=== RECORDS FOR THIS EXERCISE ===
- - - -
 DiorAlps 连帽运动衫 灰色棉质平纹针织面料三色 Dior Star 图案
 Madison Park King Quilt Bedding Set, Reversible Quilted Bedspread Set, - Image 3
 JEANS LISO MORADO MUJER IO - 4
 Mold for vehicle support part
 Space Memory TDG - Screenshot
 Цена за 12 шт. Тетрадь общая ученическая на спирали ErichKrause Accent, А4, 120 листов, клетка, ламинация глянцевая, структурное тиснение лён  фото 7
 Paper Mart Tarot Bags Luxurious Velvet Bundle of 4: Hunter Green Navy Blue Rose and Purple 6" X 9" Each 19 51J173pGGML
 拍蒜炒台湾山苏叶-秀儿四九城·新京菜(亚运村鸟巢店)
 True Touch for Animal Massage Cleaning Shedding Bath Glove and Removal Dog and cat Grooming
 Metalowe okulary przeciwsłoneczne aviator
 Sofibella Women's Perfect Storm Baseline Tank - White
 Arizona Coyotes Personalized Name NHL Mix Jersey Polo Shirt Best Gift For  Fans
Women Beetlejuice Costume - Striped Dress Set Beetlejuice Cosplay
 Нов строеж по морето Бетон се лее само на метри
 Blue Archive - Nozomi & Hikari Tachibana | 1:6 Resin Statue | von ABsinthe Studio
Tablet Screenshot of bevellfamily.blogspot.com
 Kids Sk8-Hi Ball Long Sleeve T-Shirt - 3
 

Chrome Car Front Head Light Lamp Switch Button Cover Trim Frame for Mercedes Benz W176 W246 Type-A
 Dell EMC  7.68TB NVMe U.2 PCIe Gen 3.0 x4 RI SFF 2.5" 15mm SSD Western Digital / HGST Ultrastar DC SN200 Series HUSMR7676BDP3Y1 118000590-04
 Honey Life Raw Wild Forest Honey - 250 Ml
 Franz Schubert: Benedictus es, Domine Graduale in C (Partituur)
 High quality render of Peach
- - - -
=== PROBLEM TO WORK ON ===
For every line in the listing above that mentions the word "Blue", make a copy.

=== REPLY ===
 Paper Mart Tarot Bags Luxurious Velvet Bundle of 4: Hunter Green Navy Blue Rose and Purple 6" X 9" Each 19 51J173pGGML
 Blue Archive - Nozomi & Hikari Tachibana | 1:6 Resin Statue | von ABsinthe Studio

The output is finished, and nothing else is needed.